> _EXERCISE INSTRUCTIONS_
Output exactly, and only, the lines below from the one with "Slide: The Image" down to the one with "100560524 | Photo 12". Include both end lines and no pictures.

─── EXTRACTED DATA

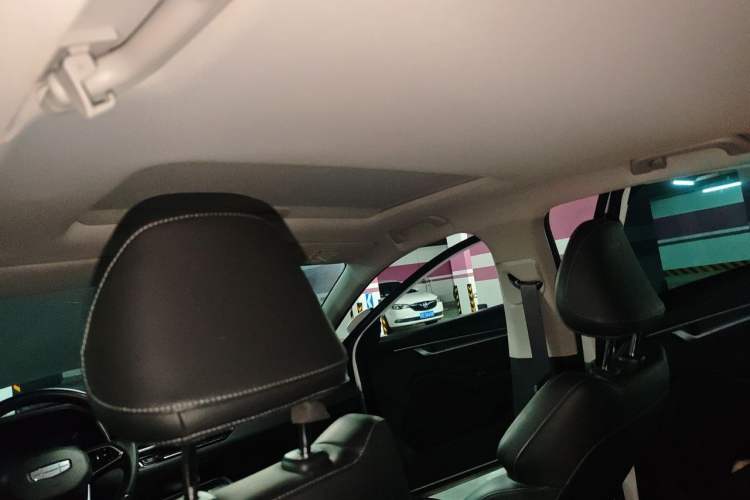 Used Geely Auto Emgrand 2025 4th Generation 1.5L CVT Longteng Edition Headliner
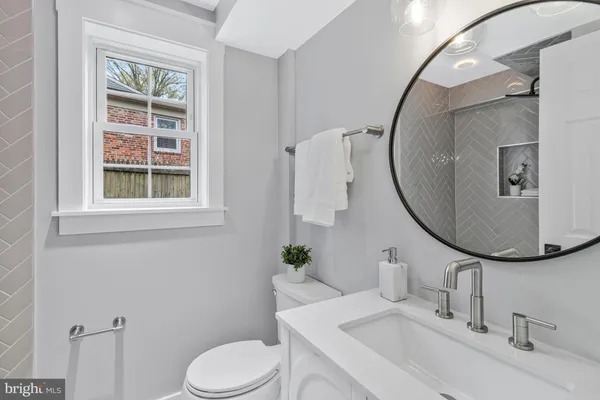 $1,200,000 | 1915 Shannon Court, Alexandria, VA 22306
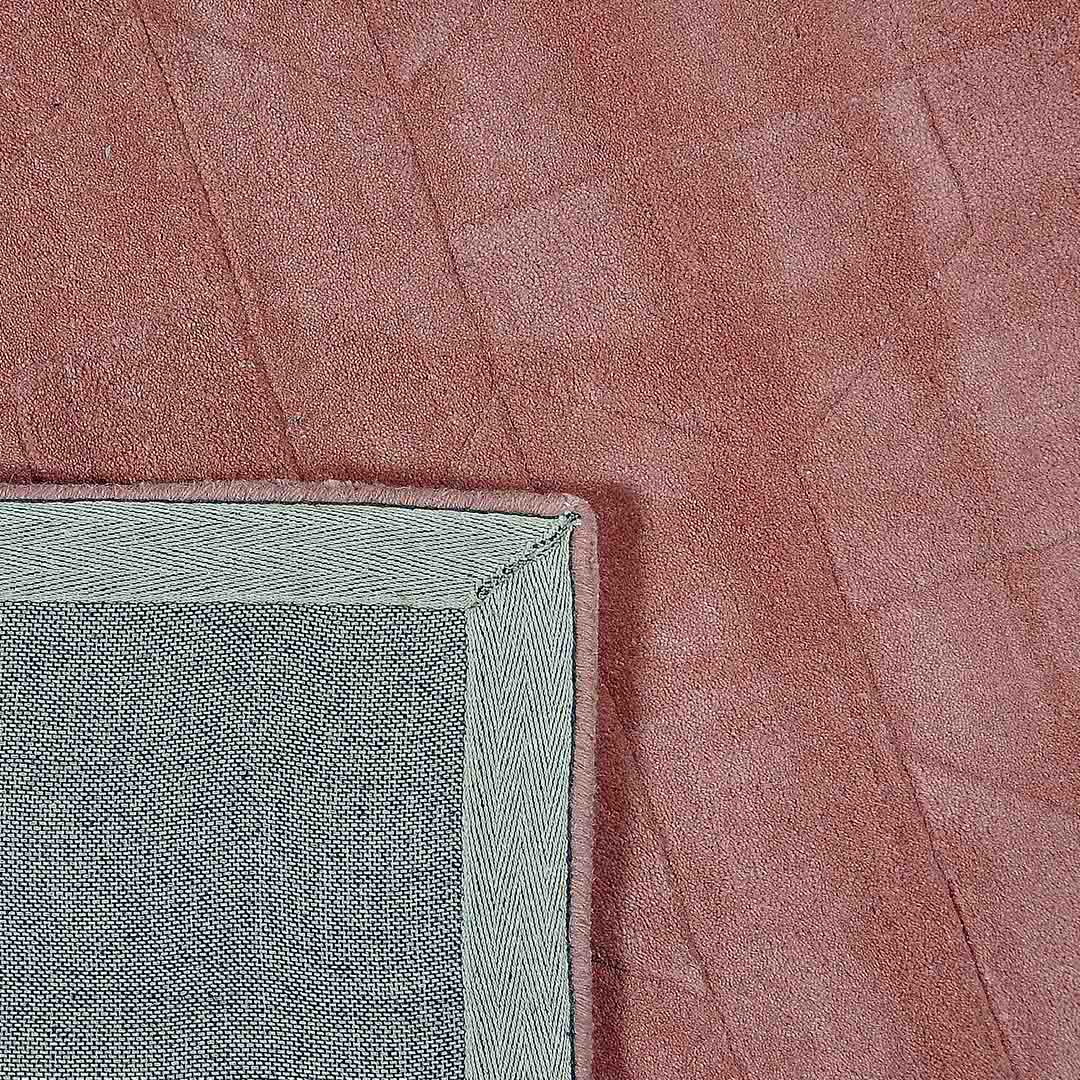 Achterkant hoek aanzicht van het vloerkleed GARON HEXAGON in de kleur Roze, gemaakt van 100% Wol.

──────
─── EXTRACTED DATA

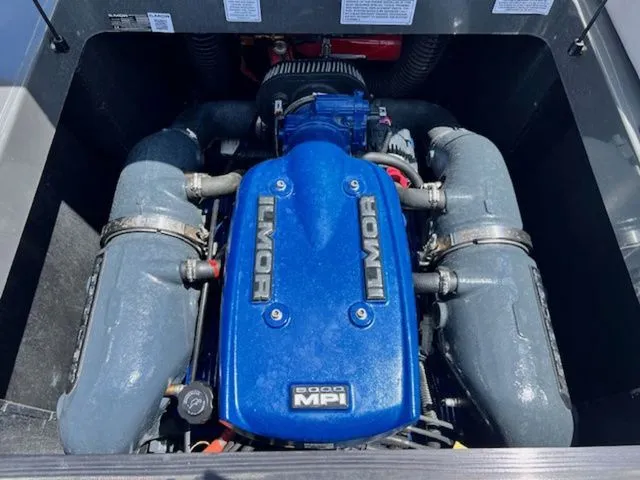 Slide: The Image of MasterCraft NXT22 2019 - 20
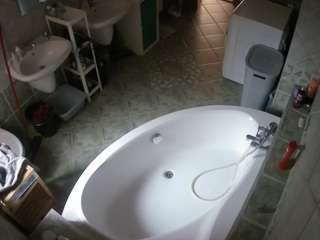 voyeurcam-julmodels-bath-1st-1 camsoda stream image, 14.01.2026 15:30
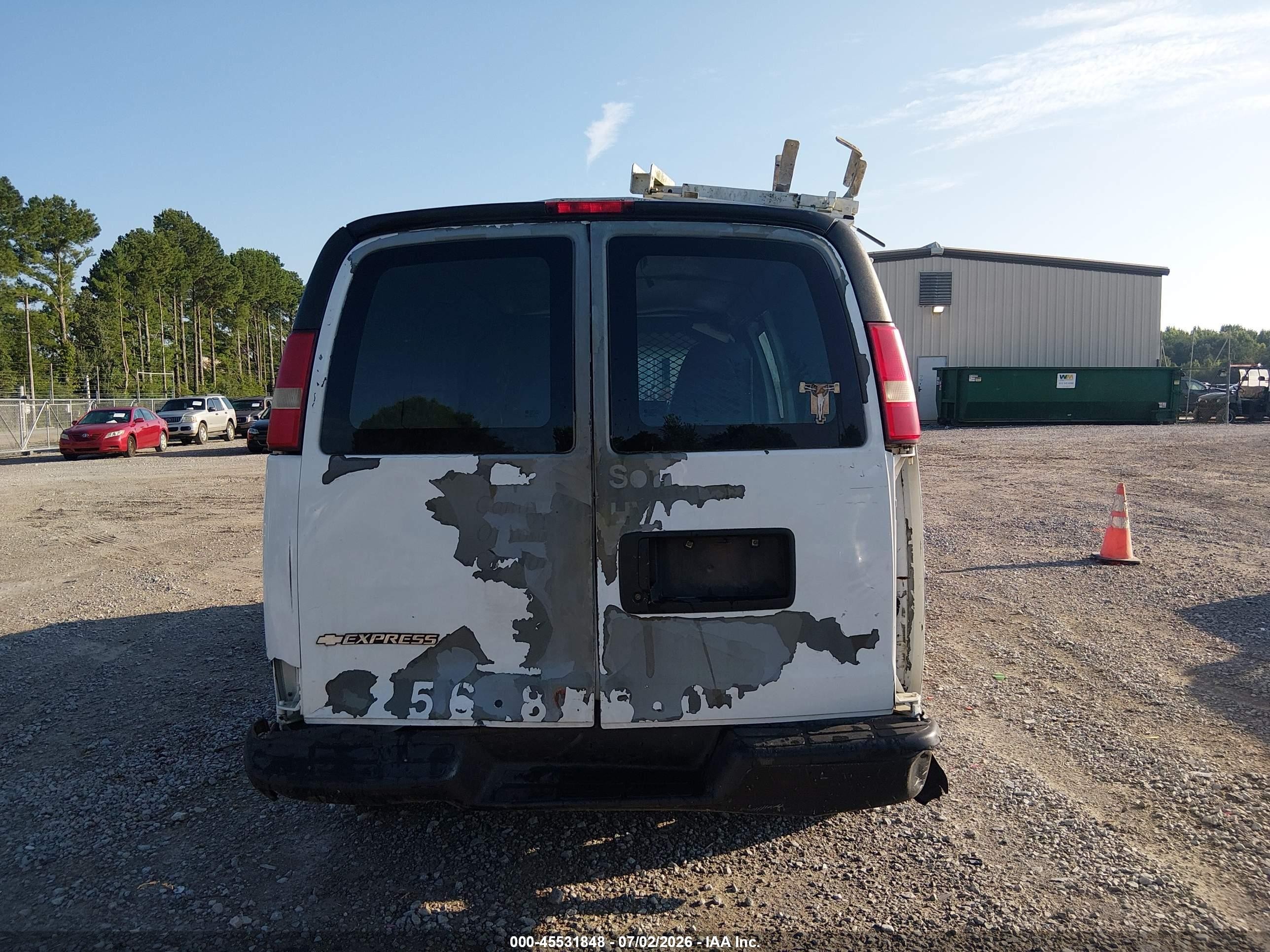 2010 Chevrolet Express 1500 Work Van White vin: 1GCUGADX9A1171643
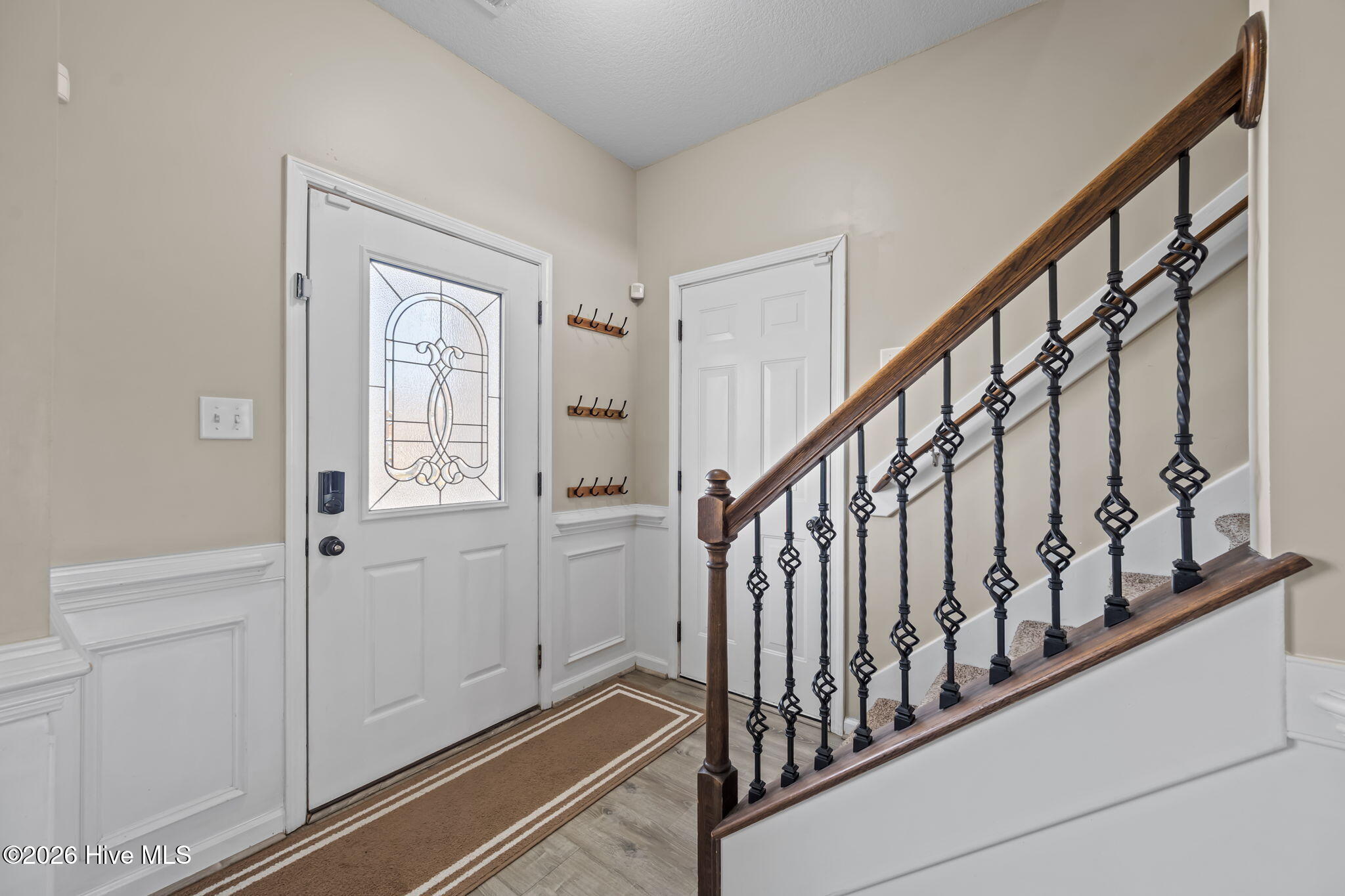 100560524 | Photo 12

──────

> _SOLUTION FOR THIS PROBLEM_
 Slide: The Image of MasterCraft NXT22 2019 - 20
 voyeurcam-julmodels-bath-1st-1 camsoda stream image, 14.01.2026 15:30
 2010 Chevrolet Express 1500 Work Van White vin: 1GCUGADX9A1171643
 100560524 | Photo 12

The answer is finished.